Telecoms ask TRAI to offer freedom to fix differential data tariffs

wireless data userIndian telecom service providers such as Bharti Airtel, Idea Cellular, Reliance Communications, Vodafone, Aircel and Telenor have asked TRAI to allow them to fix differential data tariffs for their mobile subscribers.

TRAI feels that differential data tariffs will be against the concept of Net Neutrality.

India, the second largest telecom market, ranks 131st in fixed broadband penetration and 155th in mobile broadband penetration despite being the 10th largest economy of the world in terms of GDP. This positioning is below than some of India’s neighbouring countries like Bhutan and Sri Lanka.

7 percent of Indians have access to broadband internet. More than 300 million Indians access wireless internet. Most of the 2G users have limited consumption like 1 to 100 MB per month. Only 75 to 100 million customers have access to high speed broadband. 700 million have never connected to Internet.

The following is the highlight of response from some of the telecom network operators to TRAI (The Telecom Regulatory Authority of India).


Bharti Airtel says differential data tariffs encourage innovations. Pricing flexibility is a core tenet of marketing and innovation. The differential pricing or marketing innovation is critical for the growth of data services. TSPs should continue to have the flexibility to offer a variety of packages to consumers.

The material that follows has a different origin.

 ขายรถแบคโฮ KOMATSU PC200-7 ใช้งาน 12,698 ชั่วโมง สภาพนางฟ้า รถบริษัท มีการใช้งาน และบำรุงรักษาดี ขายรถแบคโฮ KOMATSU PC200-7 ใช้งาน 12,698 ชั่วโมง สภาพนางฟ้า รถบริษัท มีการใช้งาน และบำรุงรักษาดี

Internet access cost needs to be low enough for its adoption by the masses. Differential pricing allows the telecom operators to create the suitable / targeted tariff packages which suit the need of various types of users and hence, such differential tariffs should be continued.

Some of the telecom markets which have encouraged differential tariff plans/STVs are Singapore, Hong Kong, Thailand, Malaysia, New Zealand, UAE, Bangladesh, and Philippines.

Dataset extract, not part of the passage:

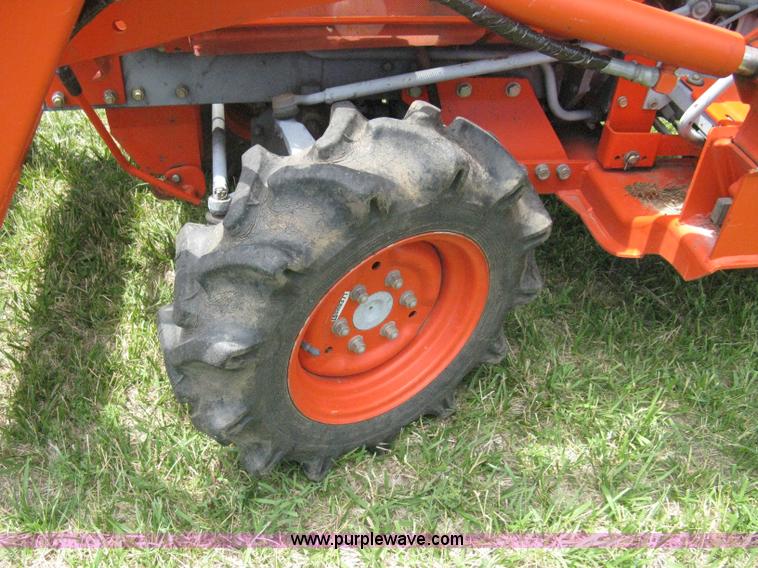 image for item A4259 Kubota B2150 MFWD tractor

There is differential pricing in all industry segments.


Idea Cellular supports the principle of tariff forbearance practiced by the TRAI. There is no business case for telecoms to offer free data services for any platform or program. The same is apparent by the fact that most major telecom service providers in India have chosen to distance themselves from such programs.

Zero rated plans may be essential in India’s journey towards Universal Internet Adoption. Telecoms can provide their distribution reach especially in hinterlands and deep interiors to promote and support young mushrooming digital startups in the country.

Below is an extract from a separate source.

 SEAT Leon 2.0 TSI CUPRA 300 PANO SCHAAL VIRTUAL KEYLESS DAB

There is a need to kick-start programmes that would accelerate Internet acceptance and reach amongst unconnected populace.


Data tariffs should be kept under forbearance permitting the TSPs to price their data services as per the market dynamics. TRAI should allow the offering of differential pricings within the scope of the existing regulations itself. Imposition of any further regulations on data services will only distort the market and could be to the detriment of the end users.

Telecoms should have the freedom of developing and promoting their own websites / apps as a value add to their services on their own network. It is felt that the same should be permitted as a legal business practice. TRAI should allow the TSPs to continue with their data tariff offerings based on the market dynamics and innovations.


The competitive intensity of the Indian telecom market has resulted in largely self-regulatory mechanisms that have ensured the protection of consumer interests and have in fact created various innovative tariff offerings for consumers, all of which have significantly contributed in making the Indian telecom market one of the most competitive, innovative and affordable markets in the world.


There should be no element of compulsion in differential offerings nor any blocking or throttling. Even the US Regulator “Federal Communications Commission” (FCC) vide its Internet Order dated 26.02.15 has noted that data sponsored schemes in some instances provide benefits to consumers, increases their choice and lower the costs. Considering this, FCC has decided to look at and assess such practices under the no-unreasonable interference/ disadvantage standard, based on the facts of each individual case, and take action as necessary.